Traces and metrics are an abstraction built on top of logs.
Pros:
- Easiest to generate
- Easy to instrument
Cons:
- Suboptimal performance due to the overhead of logging.
- Messages can be lost unless one uses a protocol like RELP to guarantee delivery of messages.
Logging excessively has the capability to adversely affect application performance as a whole. A solution to this is to do Sampling, picking a small subset of the total population of event logs.
Raw logs are almost always normalised, filtered, and processed by a tool like Logstash, fluentd, Scribe or Heka before they're persisted in a data store like Elasticsearch or BigQuery. Logs might require further buffering in a broker like Kafka before they can be processed by Logstash.

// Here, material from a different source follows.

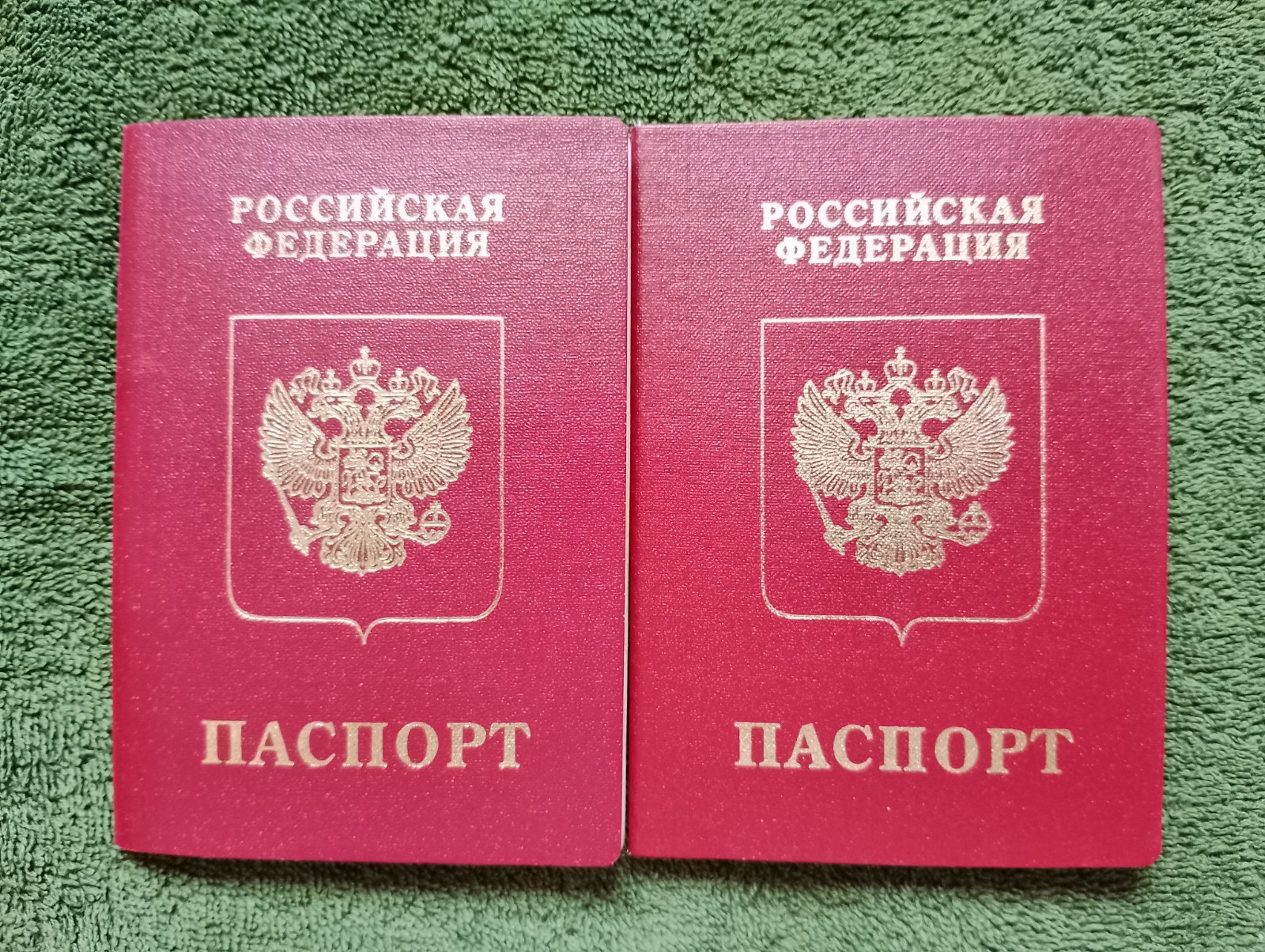 Two foreign travel passports belonging to a female Russian citizen.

Logs can also be the source for all analytics data, which has a tremendous utility from a business intelligence perspective. Complex queries can be made thanks to storing events. Events are structured key-value paris.
Most analytics pipelines use Kafka as an event bus. Sending enriched event data to Kafka allows one to search in real time over streams with KSQL, an SQL engine for Kafka. This data can be expired from the Kafka log regularly. There are alternatives like Humio, Honeycomb and Facebook's Scuba.

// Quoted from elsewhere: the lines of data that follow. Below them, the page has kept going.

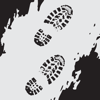 Tracks on the road - Datum LLC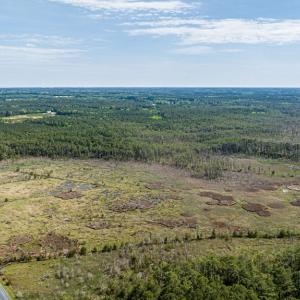 Photo #6 of Lot 32* YOUNGS CREEK RD, BLOXOM, VA 19.0 acres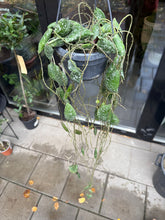 Translation missing: lt.sections.featured_product.gallery_thumbnail_alt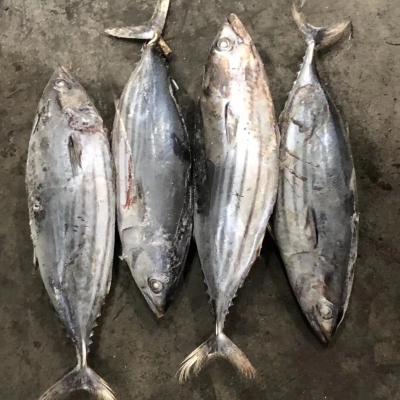 China Skipjack Seaforzen China Origin For Thailand Canning 1.8kg+ for sale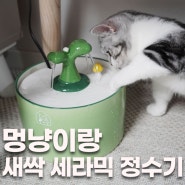 [봉봉리뷰] 내돈내산 고양이 정수기:) 멍냥이랑 새싹 세라믹 정수기를 들여놓았어요!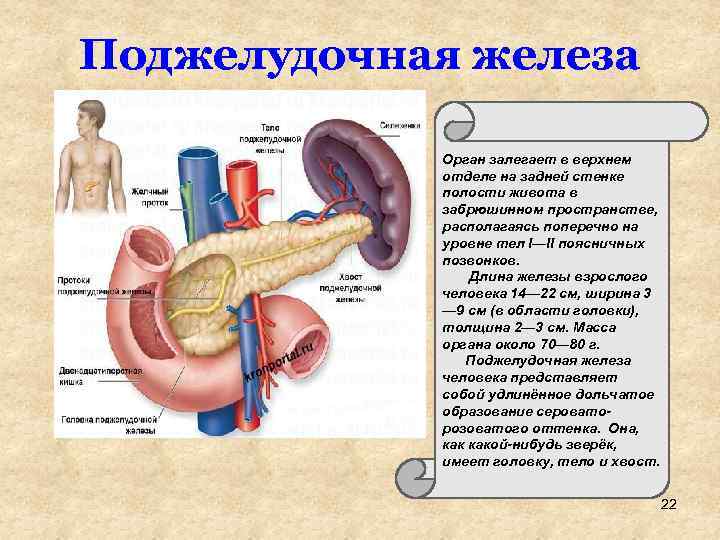 Поджелудочная железа Орган залегает в верхнем отделе на задней стенке полости живота в забрюшинном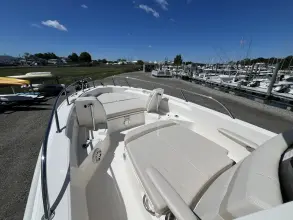 Thumbnail von Boston Whaler 250 Dauntless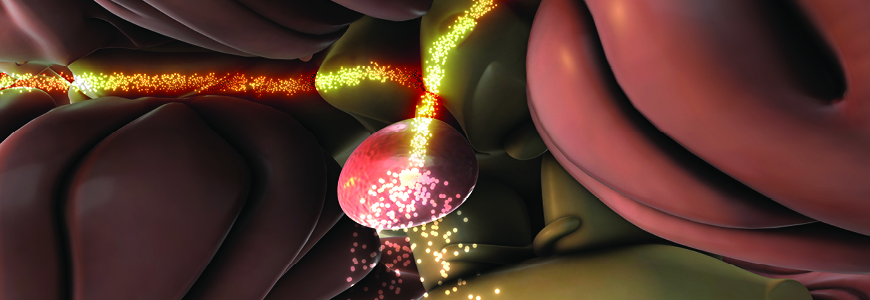 Human Brain with Glowing Pituitary Gland Hormone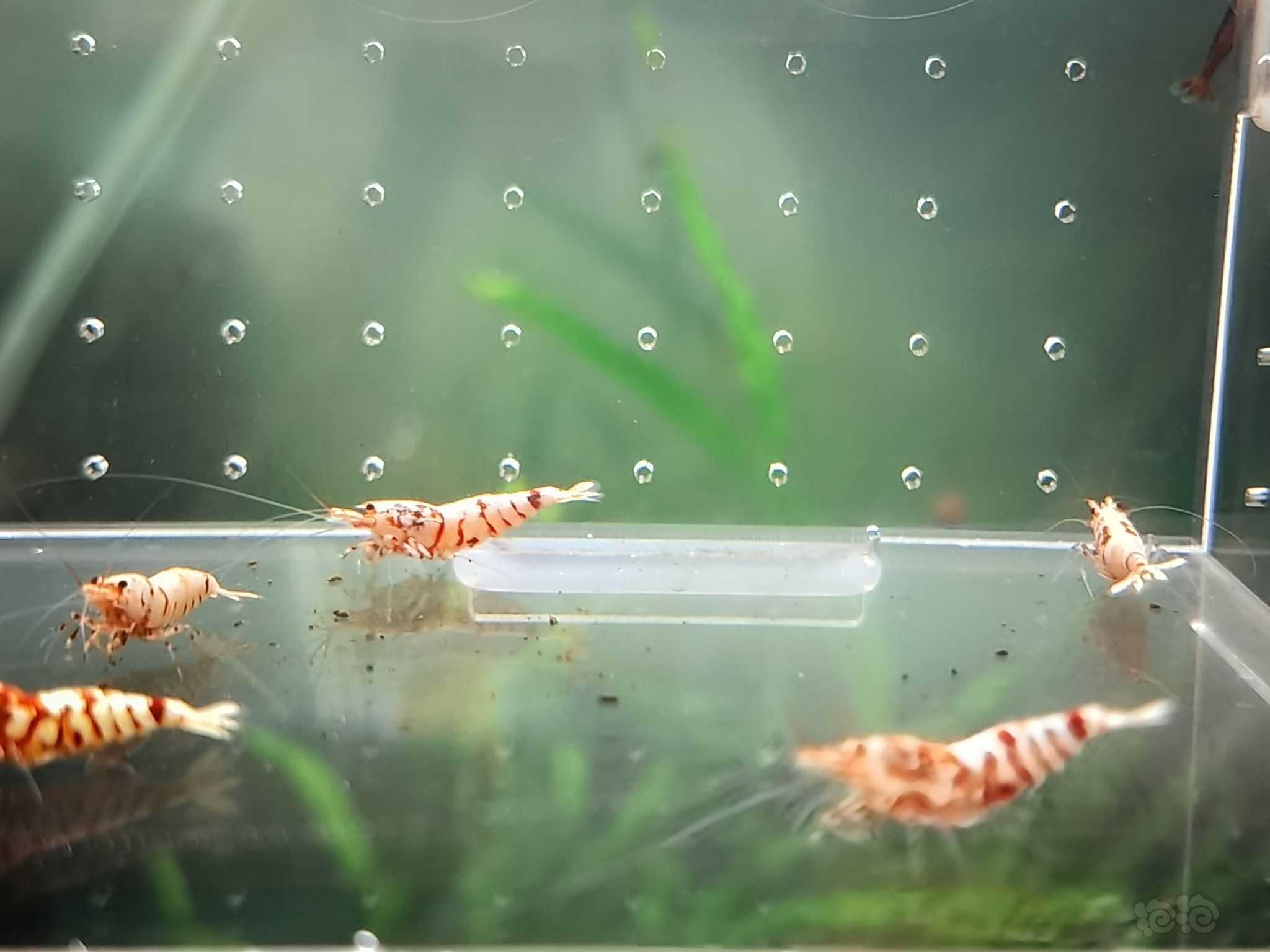 【水晶虾】出红花虎基因虾-图3
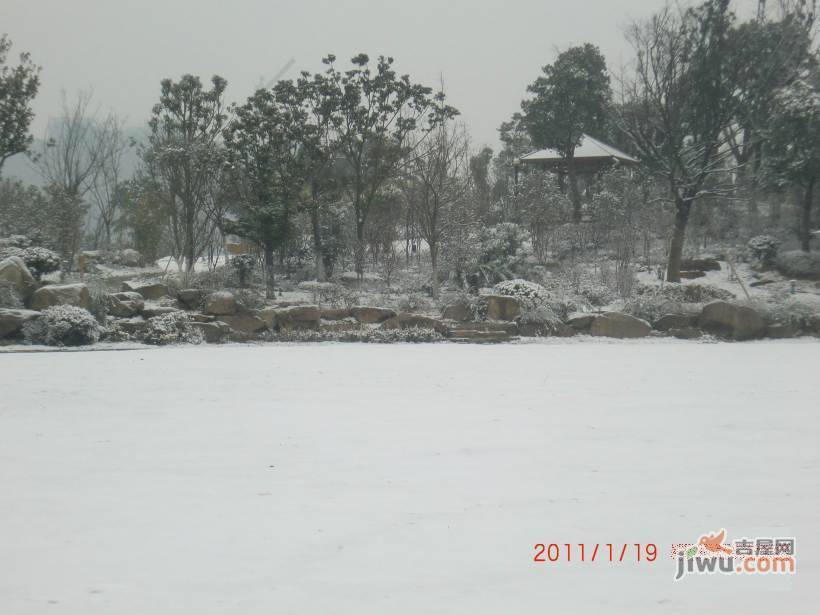 申峰花苑实景图图片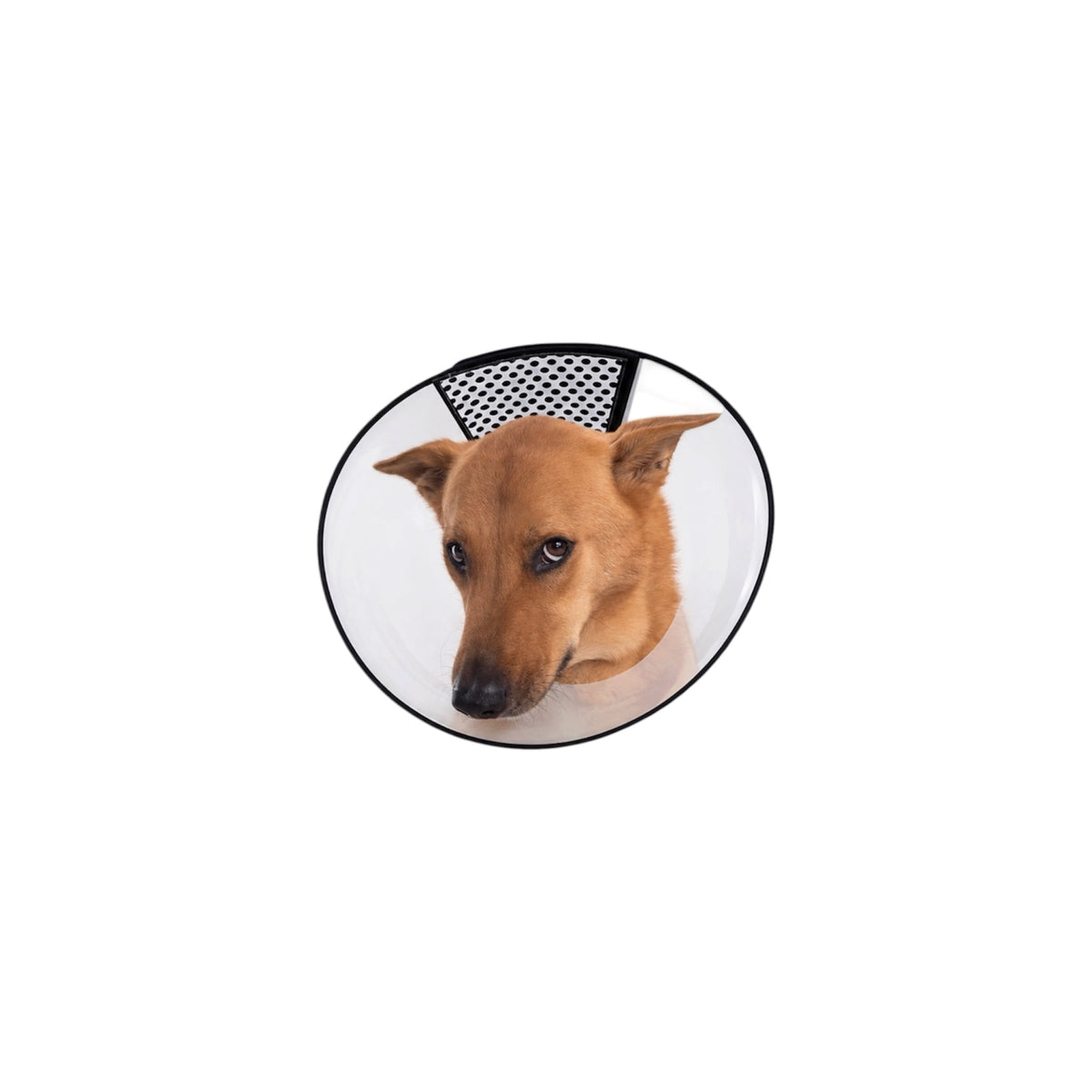 Paw Studio 透明狗狗防舔頭套 Transparent Protective Cone，透氣設計及黑色柔韌包邊，適合犬隻日常護理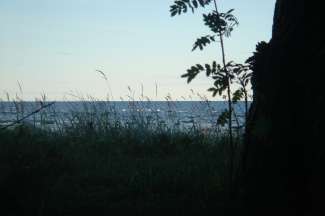 DSC02011.JPG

Metrics are a numeric representation of data measured over intervals of time.
Since they are numbers, metrics enable longer retention of data as well as easier querying. They are perfectly suited to building dashboards that reflect historical trends stored in time-series databases.
Modern monitoring systems like Prometheus and newer versions of Graphite represent every time series using a metric name as well as additional key-value pairs called labels.
Pros:
- Metrics transfer and storage has a constant overhead. The cost doesn't increase in lockstep with user traffic. Storage increases with more permutations of label values tho.

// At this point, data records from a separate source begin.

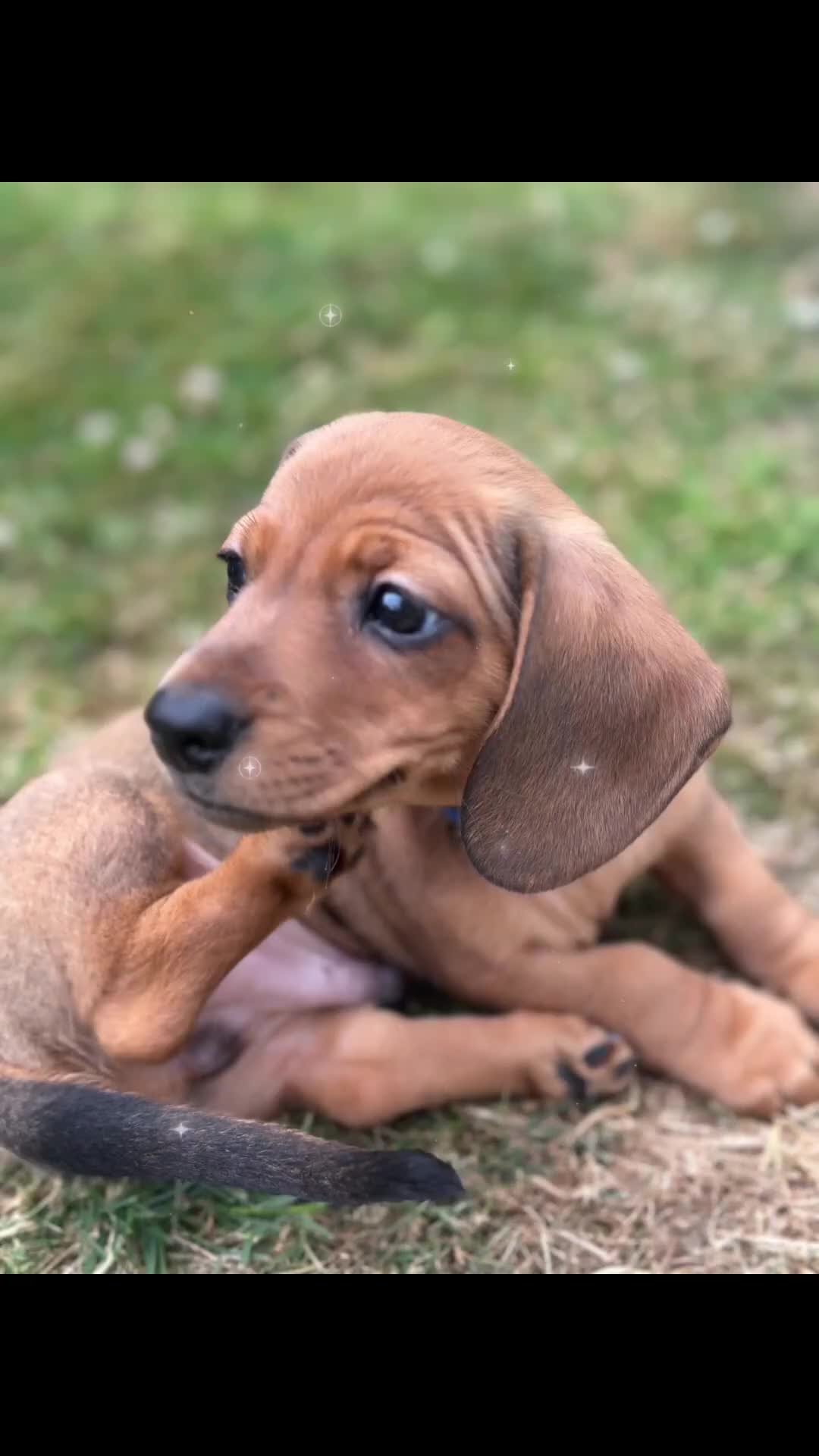 Dachshund dogs for sale: LAST Red Dapple Miniature Dachshund - Video 1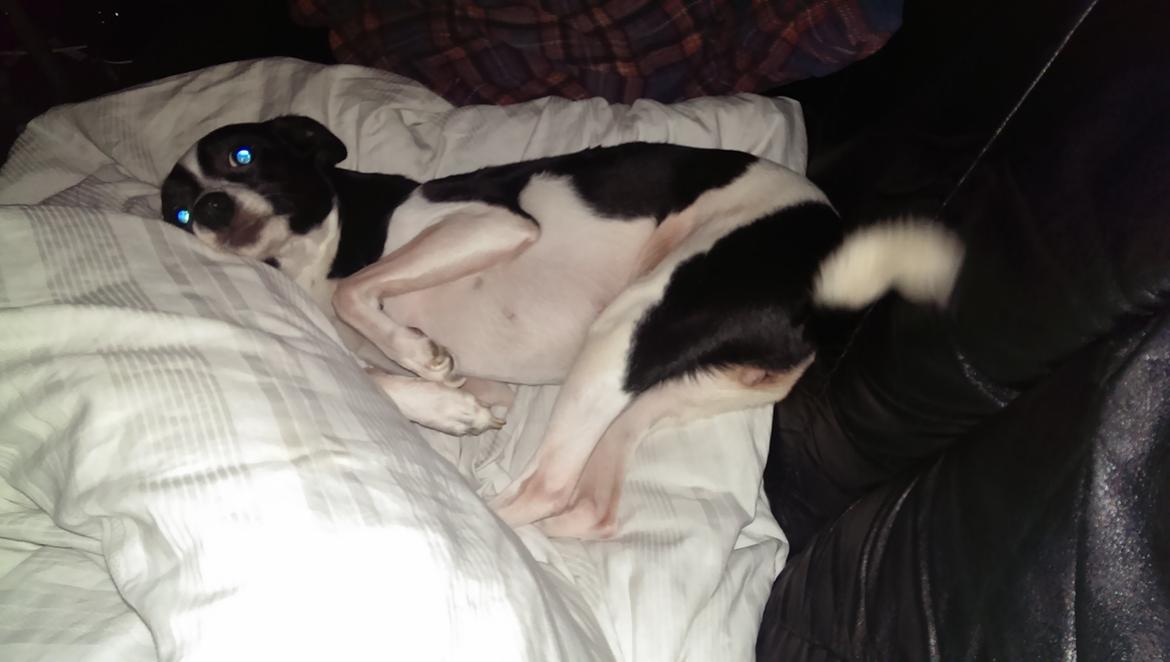 Blanding af racer Cille billede 9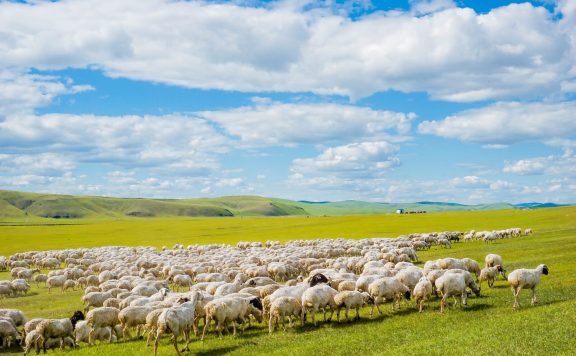 不能错过的呼伦贝尔绝美景色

- They are more malleable to mathematical, probabilistic, and statistical transformations such as sampling, aggregation, summarisation, and correlation. They are better suited to report the overall health of a system.
- Metrics are also better suited to trigger alerts.
Cons:
- They are system scoped, making it hard to understand anything else other than what's happening inside a particular system.
- A single line doesn't give you much information about what happened to a request across all components of a system. Distributed tracing is a technique that addresses the problem of brining visibility into the lifetime of a request across several systems.
A trace is a representation of a series of casually related distributed events that encode end-to-end request flow through a distributed system.
Traces identify specific points in an application, proxy, framework, library, runtime, middleware and anything else in the path of the request that represents:
- Forks in execution path
- A hop or a fan out across network or process boundaries.
A trace is a directed acyclic graph of spans, where the edges between spans are called references.
When a request begins, it's assigned a globally unique ID, which is then propagated through the request path, so that each point of instrumentation is able to insert or enrich metadata before passing the ID around to the next hop. Each hop along the flow is represented by a span. Each record emitted on each service are usually asynchronously logged to disk before being submitted out of band to a collector, which then can reconstruct the flow of execution.
Understanding request lifecycles makes it possible to debug requests spanning multiple services to pinpoint the source of increased latency or resource utilisation.
Zipkin and Jaeger are the two most popular OpenTracing-compliant open source distributed tracing solutions.
Cons:
- Traces are the hardest to retrofit into an existing infrastructure. Every component in the path of a request needs to be modified to propagate tracing information.
- It's not sufficient for developers to instrument just their own code alone.
- Challenging at places with polyglot architectures.
Service meshes make integrating tracing functionality almost effortless as they implement tracing and stats collections at the proxy level. Applications will still need to forward headers to the next hop in the mesh, but no additional instrumentation is necessary.